El plan de aperturas no se detiene: para este año está prevista la reapertura de la tienda de Barracas, y se proyectan otras cuatro nuevas sucursales, enfocándose especialmente en el interior del país. Cada local representa una inversión considerable, que oscila entre los 2 y 3 millones de dólares, con superficies que parten desde los 800 metros cuadrados, lo que pone en evidencia el compromiso de la marca con la calidad y la experiencia del cliente.
Digitalización y marketing como motores del crecimiento
Más allá de la expansión física, Nike está invirtiendo en tecnología para acelerar su transformación digital. Esta apuesta se refleja en la gestión de canales online y en el fortalecimiento de la relación con el consumidor mediante campañas innovadoras y alianzas estratégicas, como las que mantienen con la liga amateur de fútbol, clubes deportivos y figuras relevantes del mundo artístico, como el cantante Trueno.
Además, la empresa ha implementado un proceso de rebranding interno para fortalecer la cultura organizacional y la marca empleadora, buscando un mayor compromiso de sus colaboradores. Esta visión integral que combina lo externo con lo interno evidencia una gestión moderna y orientada a largo plazo.
Uno de los puntos más interesantes que plantea Tórtora es la consideración de la producción nacional como un recurso clave, pese a las dificultades del mercado.

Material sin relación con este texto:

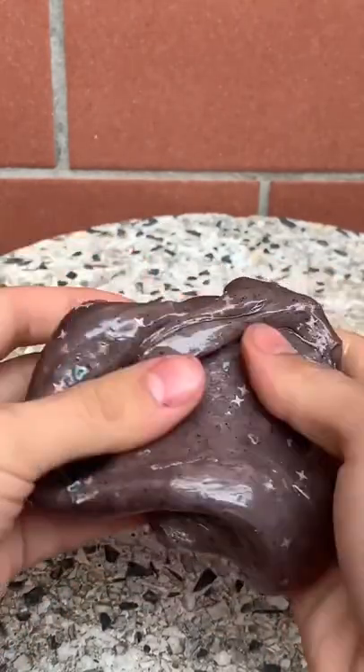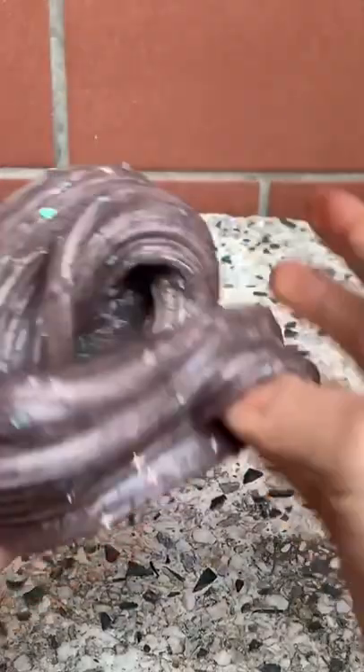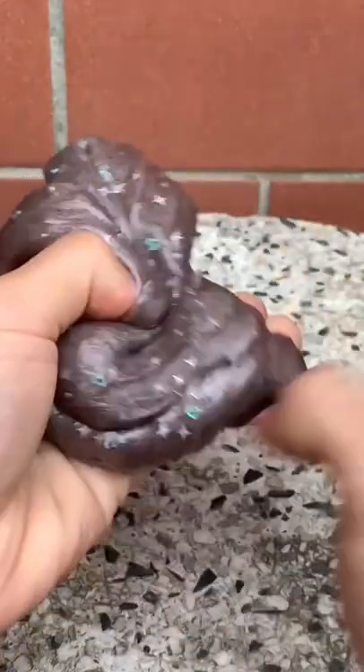Obviously no, it's just more lucido (shiny). Consigliateci ovviamente a strengthening di rubri su slime, ma che per ora sembra ancora perfetto. (Obviously let us know your recommendations for strengthening the slime, but for now it still seems perfect.)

En un escenario donde la importación muchas veces resulta más conveniente debido a las economías de escala que manejan los productores asiáticos, la apuesta por la producción local está orientada a la eficiencia y a la competitividad.
Southbay y Nike no cuentan con fábricas propias en Argentina; sin embargo, trabajan con tres empresas locales: DAS en Misiones para calzado, RA en Buenos Aires para indumentaria, y Derwil para la producción de medias. Esta red permite mantener una producción cercana que ofrece ventajas en términos de flexibilidad y reducción de riesgos frente a eventos globales como la pandemia o las fluctuaciones internacionales.
Tórtora destaca que la producción nacional debe ser más eficiente para poder competir con gigantes internacionales, un proceso que implica ajustar costos, mejorar procesos y optimizar toda la cadena de valor. La “reconfiguración” del mercado argentino exige que las empresas y proveedores sean más competitivos y menos dependientes de viejos modelos que antes se sostenían con inflación y precios altos.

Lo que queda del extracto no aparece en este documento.